First Quarter of 2022 and Recent Corporate Highlights

Ofra-vec Oncology Program

Completed enrollment in the Phase 3 OVAL registration-enabling trial evaluating ofra-vec (ofranergene obadenovec; `VB-111`) in recurrent platinum-resistant ovarian cancer, with a total of 409 patients enrolled globally.
The U.S. Food and Drug Administration (FDA) granted fast track designation for ofra-vec in combination with paclitaxel for the treatment of platinum-resistant ovarian cancer.
The Independent Data Safety Monitoring Committee (iDSMC) conducted a pre-planned safety review of the 370 patients randomized in the OVAL trial by December 31, 2021, and unanimously recommended that the trial continue as planned.
VBL hosted a key opinion leader (KOL) event on ovarian cancer in New York City, NY on April 11 featuring KOLs Bradley J. Monk, M.D., FACS, FACOG (University of Arizona College of Medicine; Creighton University School of Medicine), Richard Penson, M.D., MRCP (Massachusetts General Hospital) and Kathleen Moore, M.D. (University of Oklahoma College of Medicine). A replay of the event is archived here.
Ofra-vec Phase 2 clinical trials in recurrent glioblastoma multiforme (rGBM) and metastatic colorectal cancer (mCRC) continue as planned, with preliminary data from both trials expected in 2022.
VB-601 Inflammation Program

Presented for the first time molecular mechanistic data on the Monocyte Targeting Technology (MTT) and lead candidate VB-601 at the IMMUNOLOGY 2022 conference in Portland, OR on May 8, 2022. Data explained how VB-601 inhibited the migration of monocytes into inflamed tissues, providing a novel and differentiated approach with potential applications in various chronic inflammatory indications.
Prof. Dror Harats delivered a presentation on VB-601 at the LifeSci Partners Immunology & Inflammation Symposium on May 12, 2022. The presentation is archived here.
IND-enabling toxicology studies have been successfully completed for VB-601 and VBL expects to initiate a first-in-human clinical trial for the program in the second half of 2022.
Presentations at 2022 ASCO (Free ASCO Whitepaper) Annual Meeting

Two abstracts highlighting ofra-vec clinical research have been selected for presentation at the upcoming American Society of Clinical Oncology (ASCO) (Free ASCO Whitepaper) 2022 Annual Meeting taking place June 3-7, 2022. These Trial in Progress posters will highlight the Phase 3 OVAL trial of ofra-vec in platinum-resistant ovarian cancer and the Phase 2 trial in surgically accessible rGBM.
Corporate

Strengthened the management team with the appointment of Matthew Trudeau to the newly created position of Chief Commercial Officer and initiated the build out of U.S. operations to further advance VBL’s strategic plan to become a commercial organization.
Financial Results for the First Quarter of 2022

At March 31, 2022, VBL had cash, cash equivalents, short-term bank deposits and restricted bank deposits of $44.8 million. VBL expects that its cash, cash equivalents, short-term bank deposits, and restricted bank deposits will be sufficient to fund currently planned operating expenses and capital expenditures for at least a year beyond the Phase 3 OVAL trial top-line progression free survival (PFS) results.
For the quarter ended March 31, 2022, VBL reported a net loss of $10.4 million, or ($0.13) per basic share, compared to a net loss of 6.3 million, or ($0.12) per basic share, in the comparable period in 2021.
For the quarter ended March 31, 2022, total operating expenses were approximately $10.7 million, consisting of $7.5 million in research and development expenses, net, and $3.2 million in general and administrative expenses. This compares with total operating expenses of $6.5 million in the first quarter ended March 31, 2021, which was comprised of $4.8 million in research and development expenses, net, and $1.7 million in general and administrative expenses.
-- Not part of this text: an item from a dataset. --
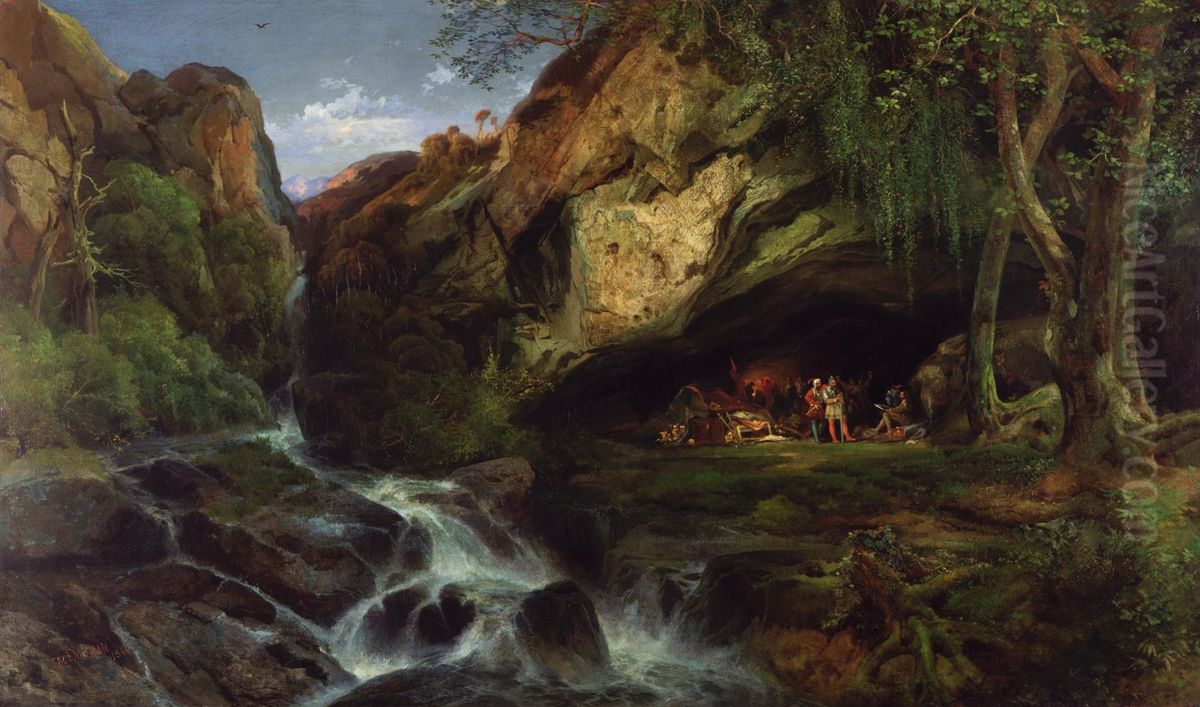 Salvator Rosa Sketching the Banditti Oil Painting by Thomas Moran Salvator Rosa Sketching the Banditti Oil Painting by Thomas Moran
About the OVAL Phase 3 Clinical Trial

OVAL (VB-111-701/GOG-3018) is an international Phase 3 randomized, pivotal registration-enabling clinical trial comparing a combination of ofra-vec (ofranergene obadenovec; `VB-111`) and paclitaxel to placebo plus paclitaxel, in adult patients with recurrent platinum-resistant ovarian cancer. The OVAL trial has two primary endpoints: progression free survival (PFS) and overall survival (OS). Successfully meeting either primary endpoint has the potential to support a Biologics License Application (BLA). Meeting the PFS endpoint, with a top-line readout anticipated in the second half of 2022, could accelerate BLA submission by approximately one year, subject to discussions with the U.S. Food and Drug Administration. A top-line readout of the OS primary endpoint is anticipated in 2023. OVAL is being conducted in collaboration with the GOG Foundation, Inc., an independent international non-profit organization with the purpose of promoting excellence in the field of gynecologic malignancies. For more information, refer to Clinicaltrials.gov NCT03398655.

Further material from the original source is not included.